* What you will do: Reproduce the records below in full and without edits, omitting images.

(Items from a dataset)
◇ ◇ ◇ ◇ ◇ ◇ ◇

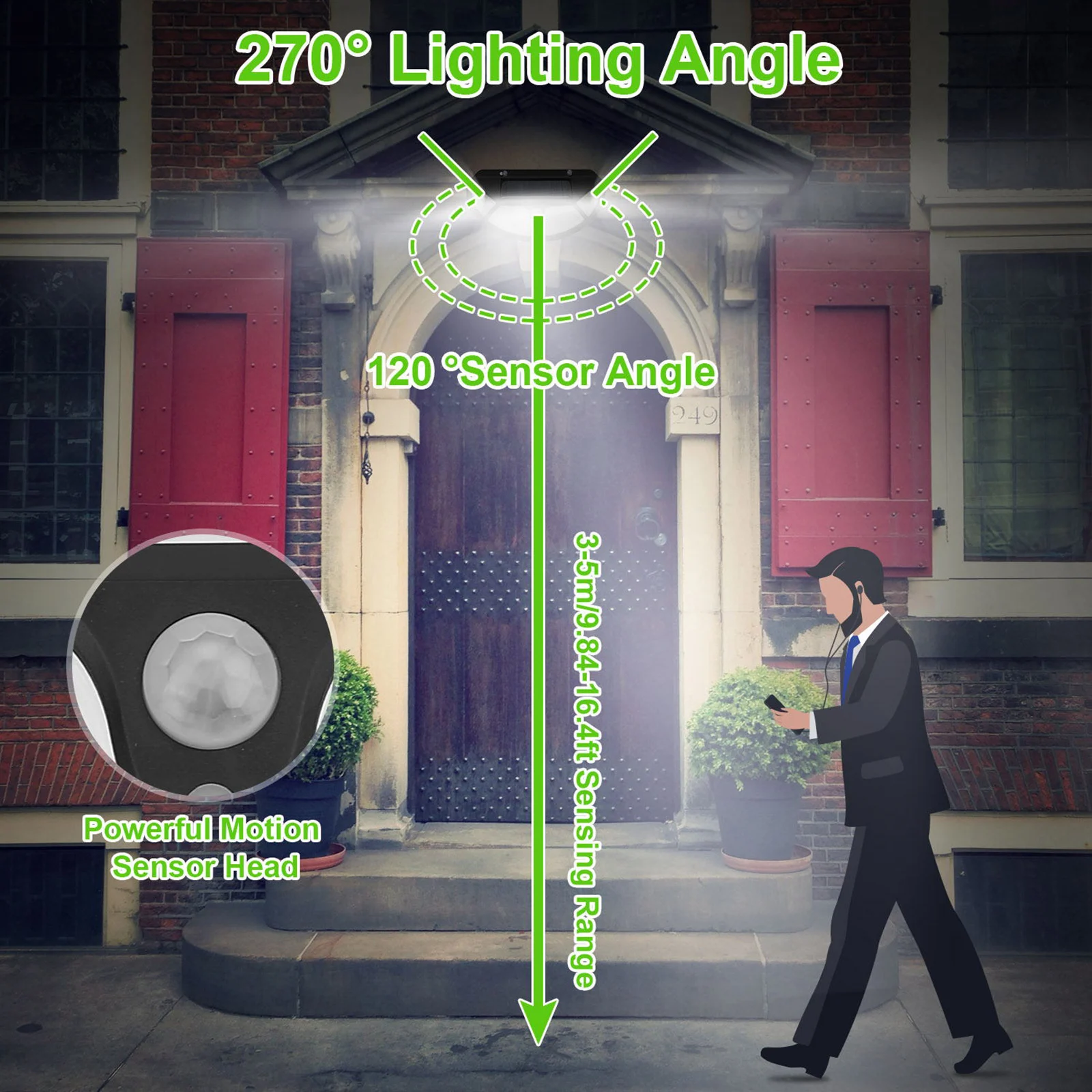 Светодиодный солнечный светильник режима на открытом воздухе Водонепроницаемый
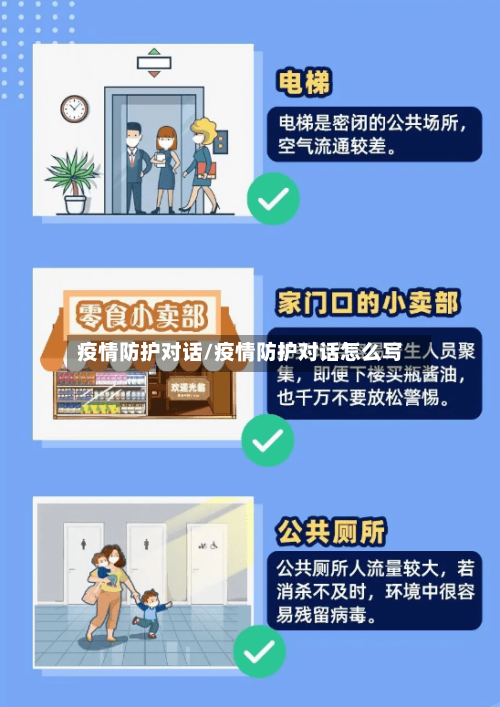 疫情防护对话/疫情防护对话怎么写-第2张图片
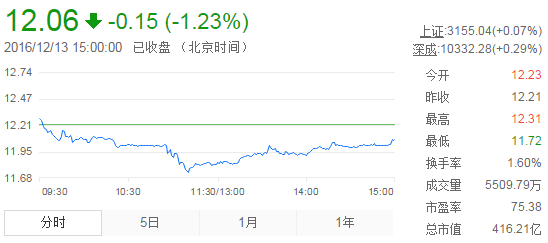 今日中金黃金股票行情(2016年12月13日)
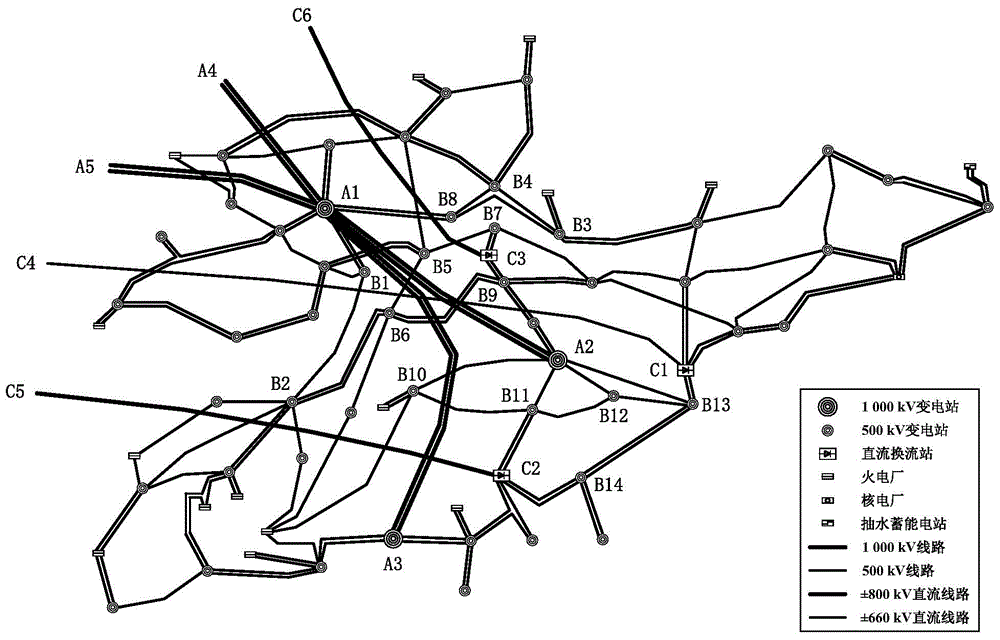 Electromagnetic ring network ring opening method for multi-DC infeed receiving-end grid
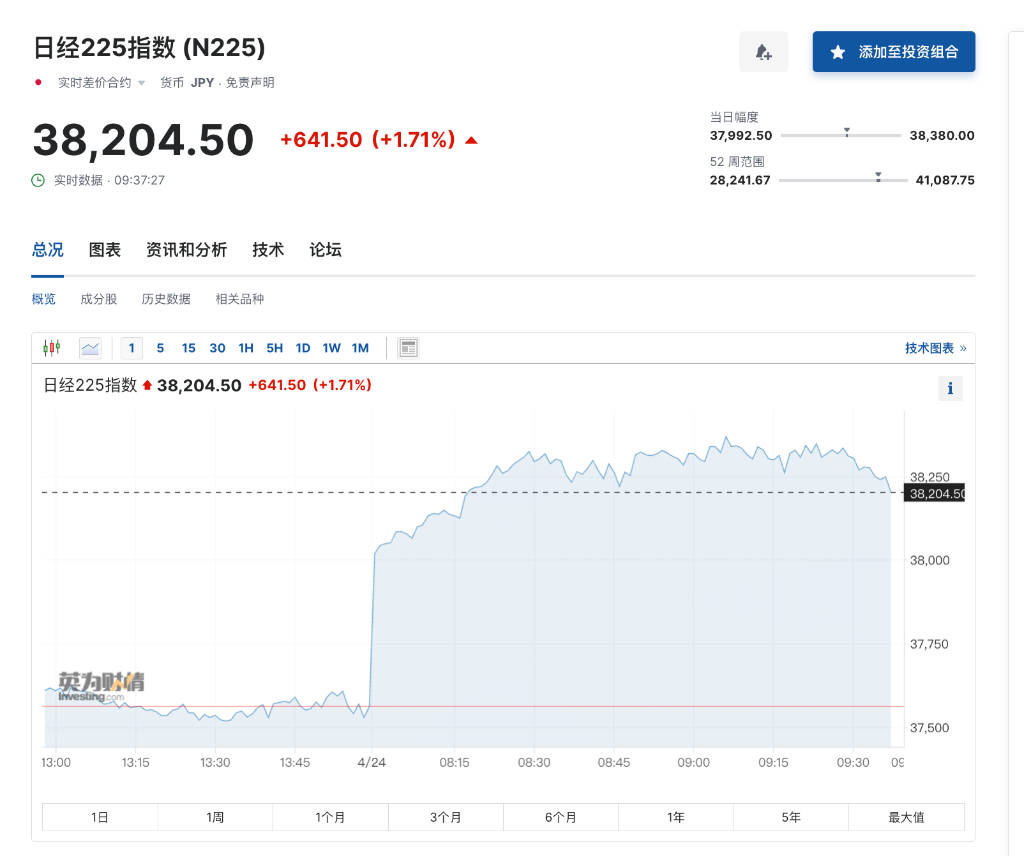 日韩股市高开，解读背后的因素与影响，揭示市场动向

◇ ◇ ◇ ◇ ◇ ◇ ◇

* Exercise result:
 Светодиодный солнечный светильник режима на открытом воздухе Водонепроницаемый
 疫情防护对话/疫情防护对话怎么写-第2张图片
 今日中金黃金股票行情(2016年12月13日)
 Electromagnetic ring network ring opening method for multi-DC infeed receiving-end grid
 日韩股市高开，解读背后的因素与影响，揭示市场动向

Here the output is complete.